## ABOUT THIS TASK
Below are the entries. Transcribe exactly the lines from the one with "Lush Green Lawn" through the one with "Carhartt WIP Hooded Down Puffer Jacket Brown", ends included, and leave out all others.

## DATA SECTION
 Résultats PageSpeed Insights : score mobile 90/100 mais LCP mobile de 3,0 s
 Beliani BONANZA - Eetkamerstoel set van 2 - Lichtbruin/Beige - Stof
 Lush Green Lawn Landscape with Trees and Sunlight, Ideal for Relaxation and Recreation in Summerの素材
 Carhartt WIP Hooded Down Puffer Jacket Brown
* * *
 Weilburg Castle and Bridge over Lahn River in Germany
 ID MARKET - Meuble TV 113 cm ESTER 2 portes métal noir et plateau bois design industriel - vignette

## ANSWER TO THE PROBLEM
 Lush Green Lawn Landscape with Trees and Sunlight, Ideal for Relaxation and Recreation in Summerの素材
 Carhartt WIP Hooded Down Puffer Jacket Brown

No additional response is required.